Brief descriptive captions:
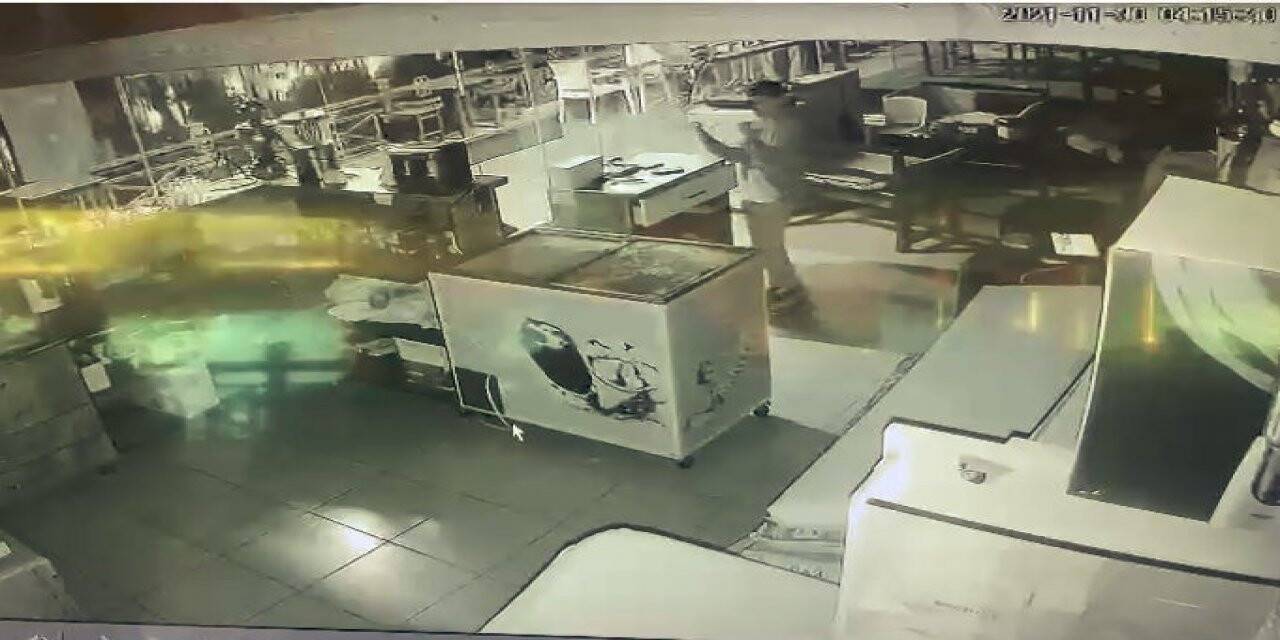 Evden kaçıp 3 ayrı iş yerini soydu, parayı bulunca sevinçten oynadı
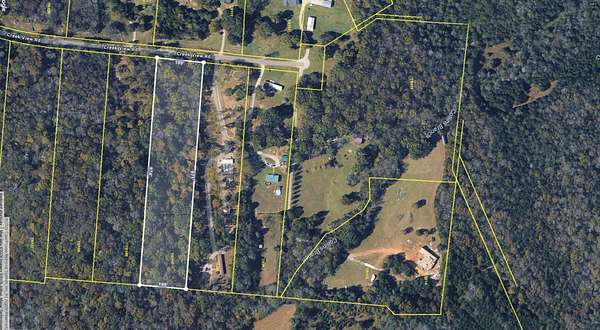 4.5 Acres of Residential Land for Sale in Columbia, Tennessee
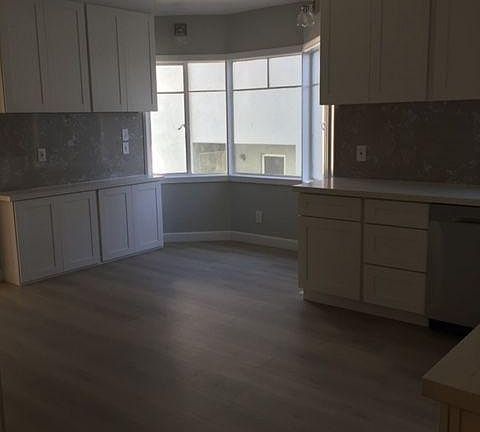 Very LARGE KITCHEN eat-in with lots of light and waterproof laminent floor.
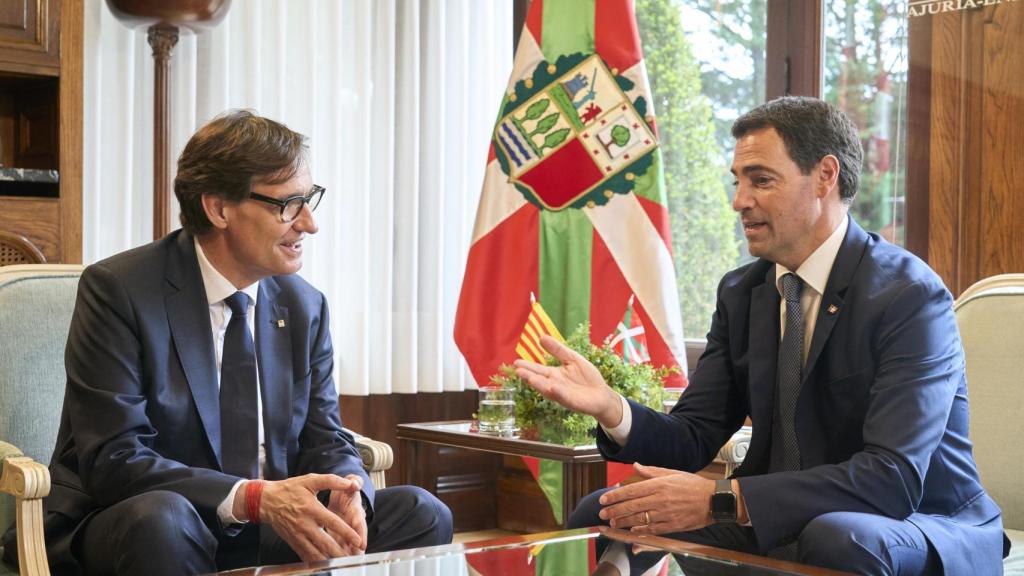 El presidente de la Generalitat de Cataluña, Salvador Illa (i), y el Lehendakari, Imanol Pradales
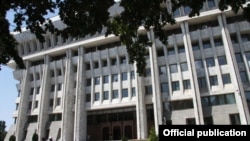 Жогорку Кеңеш менен президенттик администрациянын имараты. 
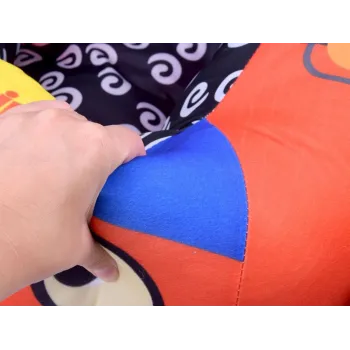 Detail czerwonych elementów oraz przyjemnej w dotyku powierzchni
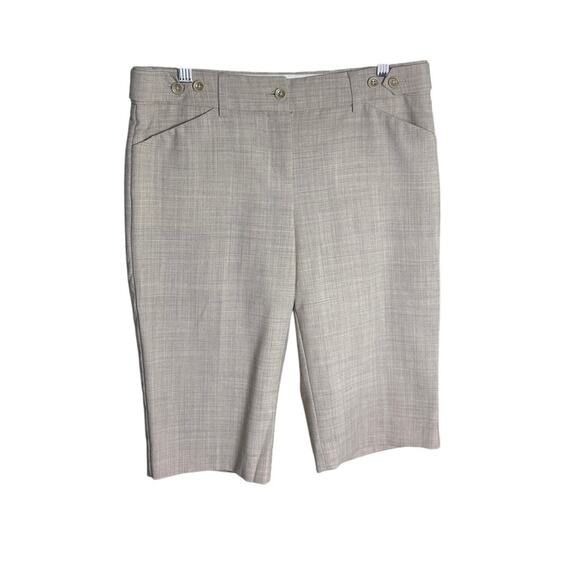 Express Editor Trouser Shorts Neutral Cream Dressy Workwear Sz 2 Low Rise - Picture 1 of 7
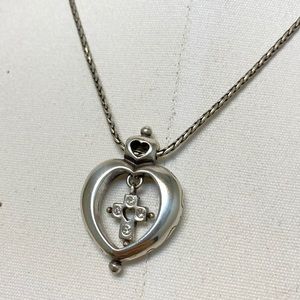 ⭐️SOLD⭐️Brighton Cross Heart Necklace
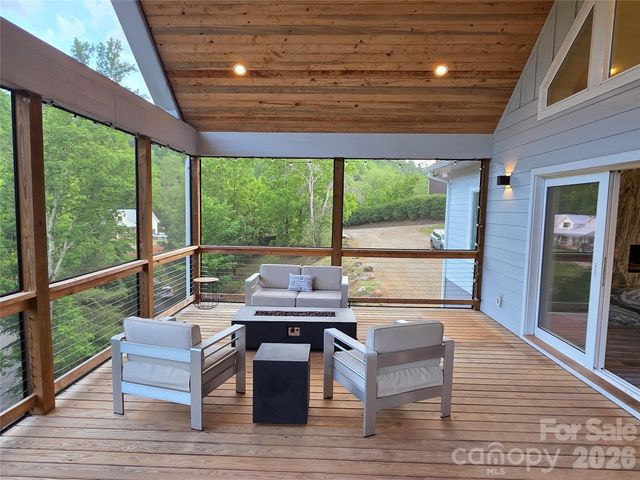 123 Israel Road, Candler, NC 28715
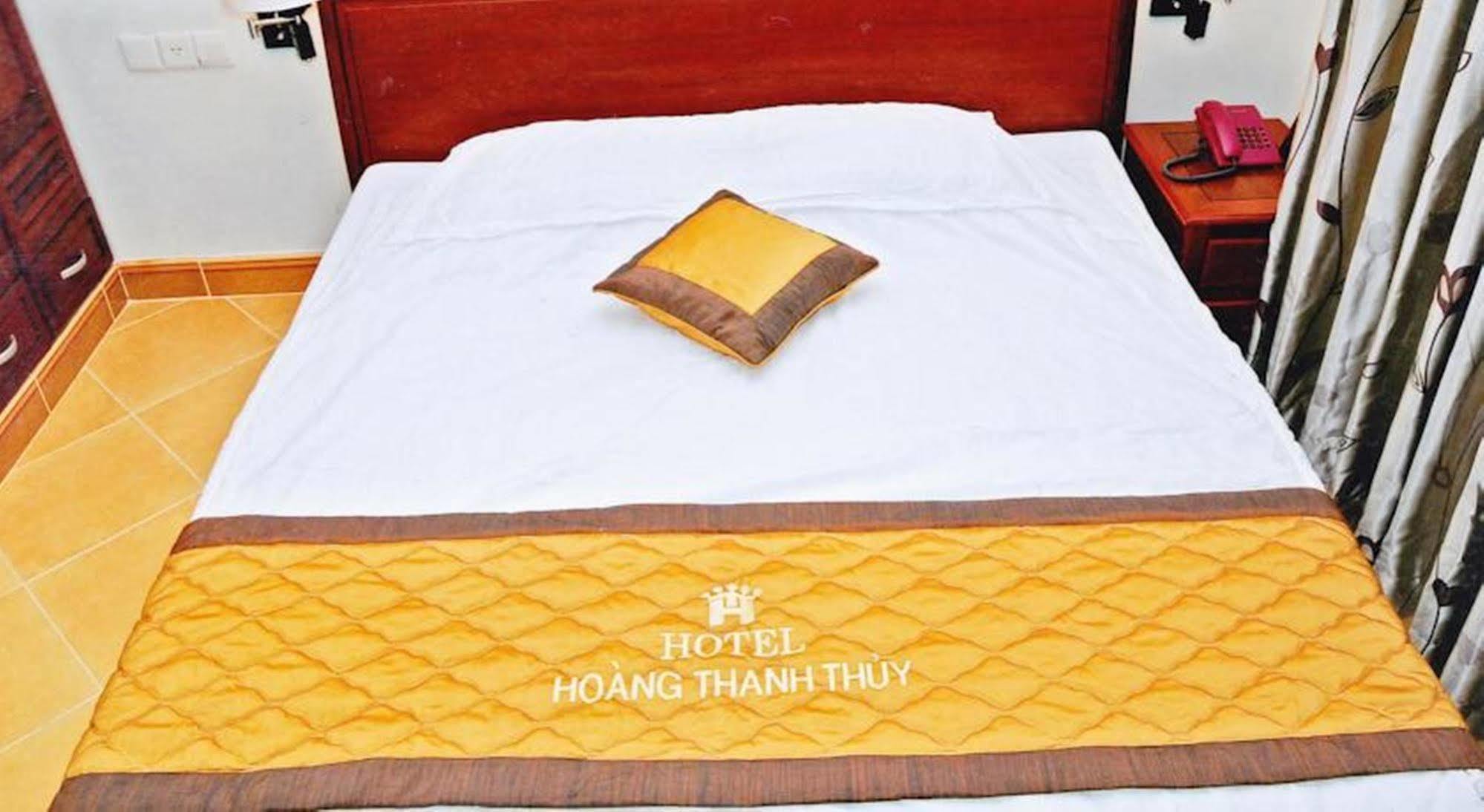 Hoang Thanh Thuy Airport Hotel 1 - Gan Am Thuc Dem Cho Hoang Hoa Tham Ho Chi Minh-stad Buitenkant foto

Problem description: Leave the pictures aside and give every entry above again word for word.

Answer to this task:
 Evden kaçıp 3 ayrı iş yerini soydu, parayı bulunca sevinçten oynadı
 4.5 Acres of Residential Land for Sale in Columbia, Tennessee
 Very LARGE KITCHEN eat-in with lots of light and waterproof laminent floor.
 El presidente de la Generalitat de Cataluña, Salvador Illa (i), y el Lehendakari, Imanol Pradales
 Жогорку Кеңеш менен президенттик администрациянын имараты. 
 Detail czerwonych elementów oraz przyjemnej w dotyku powierzchni
 Express Editor Trouser Shorts Neutral Cream Dressy Workwear Sz 2 Low Rise - Picture 1 of 7
 ⭐️SOLD⭐️Brighton Cross Heart Necklace
 123 Israel Road, Candler, NC 28715
 Hoang Thanh Thuy Airport Hotel 1 - Gan Am Thuc Dem Cho Hoang Hoa Tham Ho Chi Minh-stad Buitenkant foto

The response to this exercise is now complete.